どうしようもない鬱状態でも見られる映画のひとつが「寅さん」だ。
行きたいところも、したいこともないのだけど、せっかく東京に来たからおそらく30年ぶりに柴又を訪ねた。
駅を降りると昭和のにおいのする商店街。ウナギや川魚の食堂、ソバや駄菓子、だんごの店。冷たい雨が降っているのにどこもにぎわっている。
商店街を抜けると柴又帝釈天だ。「御前さま」が目の前に現れそう。
帝釈天から右手にちょっと歩くと「寅さん記念館」がある。
破天荒な寅さんは、聖母マリアのようなサクラがいるから成り立った。いつも寅さんを心配して、持ち前の明るさでみんなに愛されていた。あれ? どこかで似た構図があったなあ。
タコ社長ほかの登場人物も、カネにとらわれず人情を大切にして生きている。高度成長以前、江戸からつづく古き良き社会のあり方だったのだろう。
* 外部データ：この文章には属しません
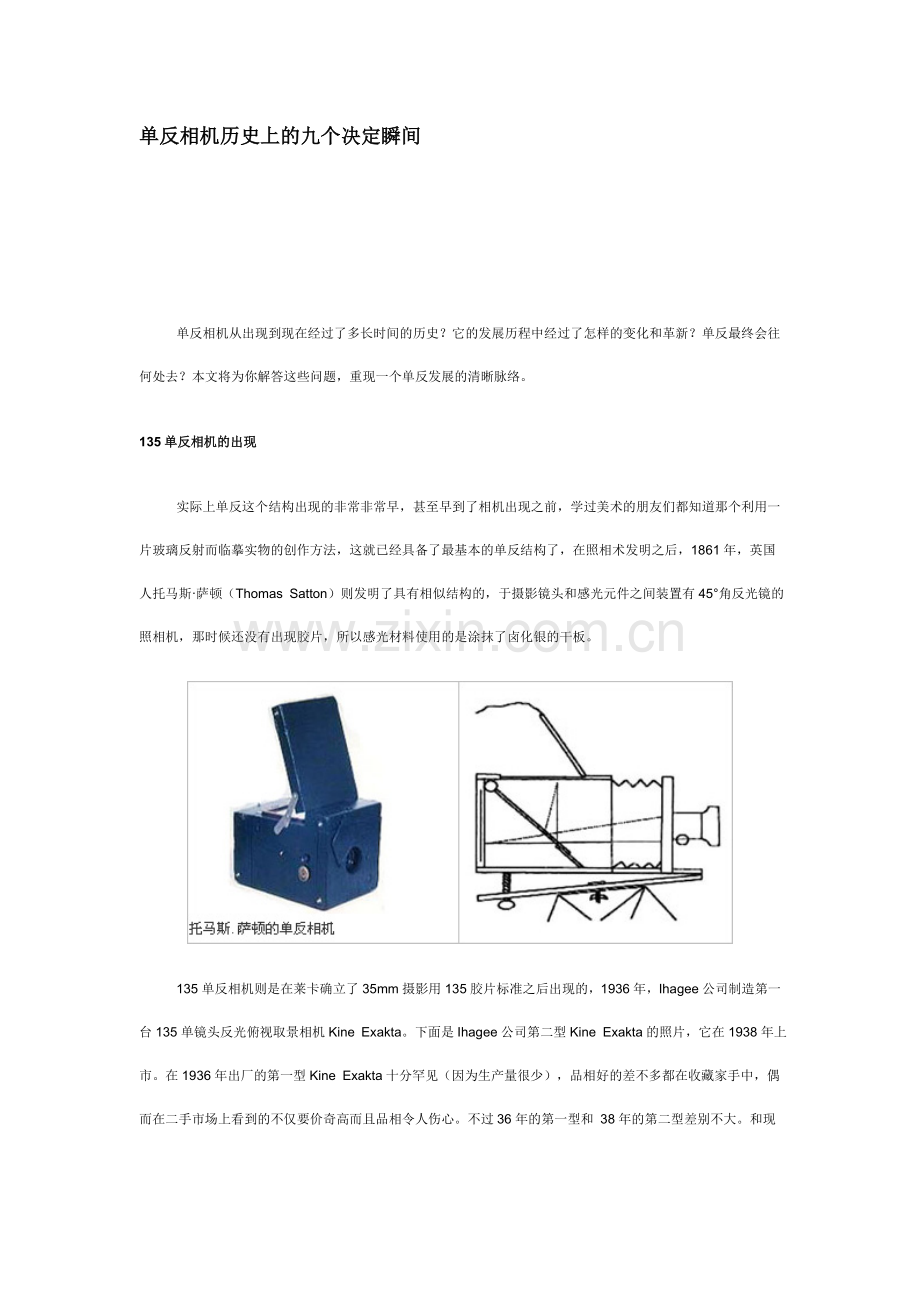 单反相机历史上的九个决定瞬间.doc_第1页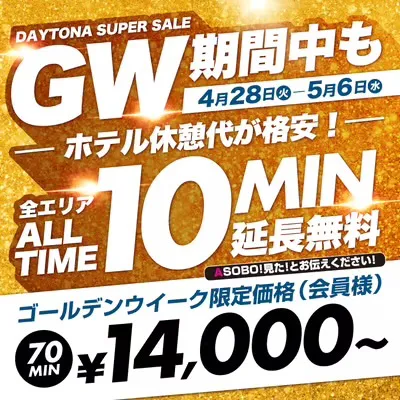 エイミのブログ おとく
そんな社会の残照が寅さんだったのか。
併設の山田洋次ミュージアムでは、「下町の太陽」や「学校」など、彼の一連の作品が映像やポスターなどで紹介されていた。
休業中の「矢切の渡し」を見学して、ちょっとかわいい中国人の店員さんがいる中華料理店で昼飯を食べて帰った。